One of the Palmer Square speed tables. Photo: Ella Revzin

Thanks to advocacy from neighbors, the wide roadway on the north side of the Palmer Square green space has been calmed. Last month, the Chicago Department of Transportation converted two marked, mid-block crosswalks to raised crosswalks, aka speed tables. As a result, drivers are hitting the brakes on street where speeding was formerly the rule, making it much safer to walk the park and play within it.

Neighbors have been calling for the safety infrastructure for years, because this quarter-mile stretch of Palmer Boulevard has three westbound travel lanes, with light traffic volumes and no stoplights or stop signs, which encourages speeding.

When Streetsblog writer Steven Vance and contributor Justin Haugens measured speeds during the evening rush with a speed gun, they found that 75 percent of motorists were breaking the posted 25 mph speed limit. About a third were driving over 30 mph, and a handful were going faster than 40 mph next to a park that gets heavy use by families with small children.

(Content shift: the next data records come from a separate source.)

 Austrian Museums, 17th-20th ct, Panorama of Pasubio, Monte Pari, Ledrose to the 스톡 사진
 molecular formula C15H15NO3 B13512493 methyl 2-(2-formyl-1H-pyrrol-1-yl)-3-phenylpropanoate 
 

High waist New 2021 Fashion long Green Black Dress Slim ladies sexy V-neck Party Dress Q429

A road diet would have been a logical solution to the speeding problem. However, nearby churches use the central travel lane for Sunday parking, which isn’t technically legal but has been tolerated by aldermen for many years. Therefore removing one of the lanes might have been politically challenging.

But getting the raised crosswalks put in turned out to be surprisingly challenging as well. In 2013, Andrea Keller, who lives on the block with her young family, said she collected over 100 signatures on a written petition in favor of the speed tables in 2013. The following year, she launched an online petition, which garnered over 70 signatures. Logan Square Preservation and the Homeowner’s Association of Palmer Square eventually endorsed the idea, and 32nd Ward alderman Scott Waguespack said he was open to funding the speed tables with ward money.

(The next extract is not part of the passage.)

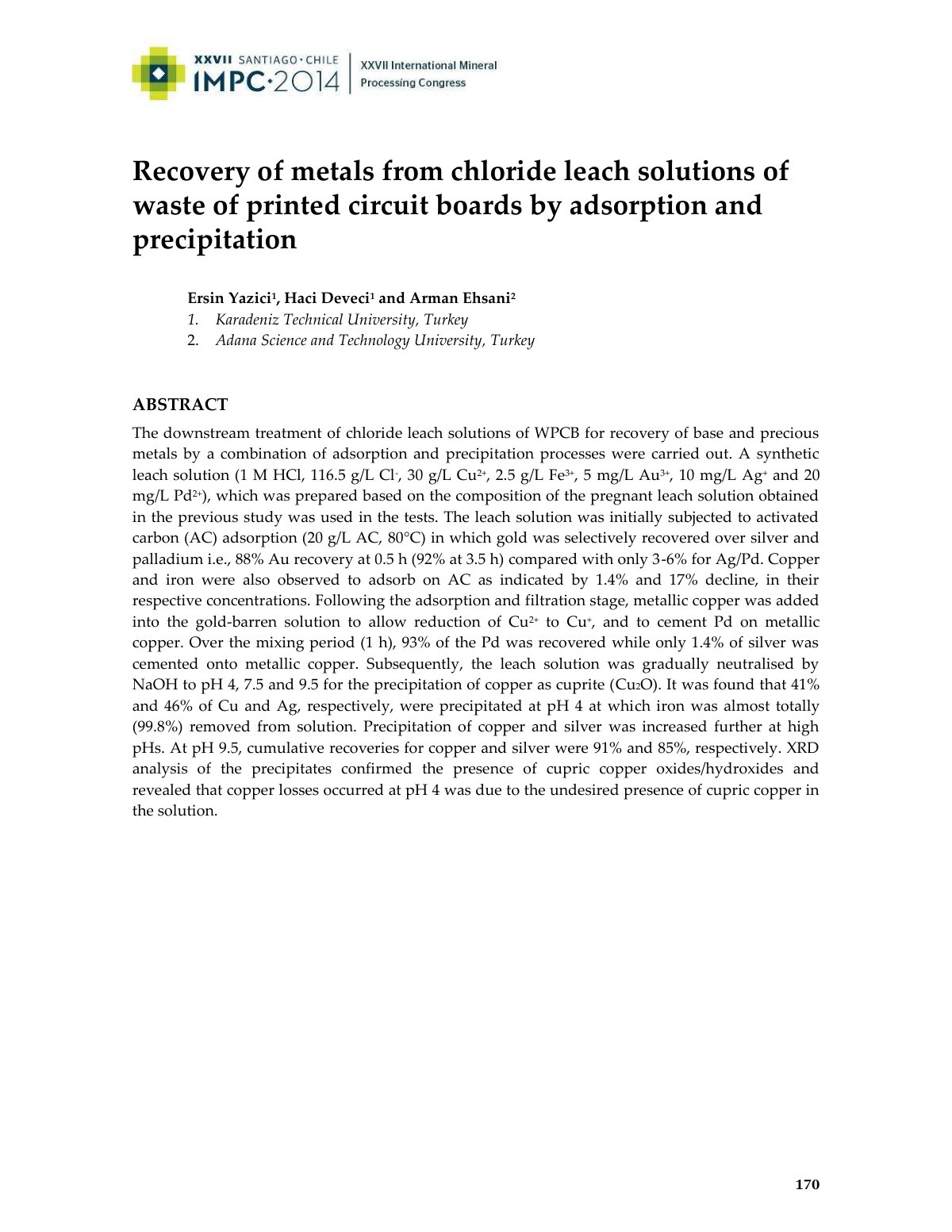 First page of Recovery of metals from chloride leach s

The only thing that was stopping Waguespack from approving the project was a handful of residents who repeatedly contacted him to oppose the idea, according to his chief of staff Paul Sajovec. Some of this resistance was likely due to confusion between the difference between speed humps and speed tables. The latter have a longer cross-section, so they’re unlikely to cause cars to bottom out or create loud noise as vehicles pass over them.

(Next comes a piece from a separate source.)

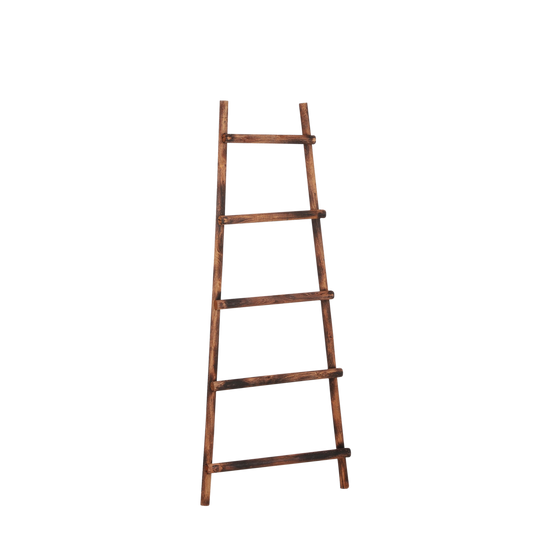 Ladderrek - L29 x B49 x H119 cm - Populierenhout - Bruin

One of the raised crosswalks under construction. The speed tables have a much longer, shallower cross-section than speed humps. Photo: John Greenfield

However, Corrine Bradley told me her opposition to the raised crosswalks was philosophical. Since all drivers might be required to hit the brakes before going over the speed tables, “you’re penalizing everybody, not just the speeders,” she said.

Fortunately, most of the neighbors eventually dropped their opposition after they learned how the speed tables would work. “The raised crosswalks are more of a visual cue that a physical obstruction,” Sajovec said. “A car going 15-17 mph can navigate them without slowing down. That mitigated some of the concerns.”

However, when I recently observed traffic on the street, most drivers were braking before proceeding over the speed tables. On a street that was formerly plagued by speeding, that’s a very good thing.

While the Chicago Department of Transportation originally estimated the two crosswalks would cost $40,000 out of the ward’s $1.3 million in annual discretionary funds, the final price tag was $115,000. That was because CDOT wound up including curb-and-gutter work they felt was necessary in order to prevent stormwater from collecting around the speed tables.

Speed humps generally cost $4-10,000 per block. However, they weren’t an option at Palmer Square due to the street width.

“We take our menu money very seriously, and we’re very mindful we can’t do this kind of project anywhere people are concerned about pedestrian safety,” Sajovec said. “But there was a high level of concern expressed here, because of the length of the block, the multiple lanes, and the fact that this is a very active green space. We’ll be interested to see how it changes the dynamic. We’re hopeful it’s going to be a positive improvement.”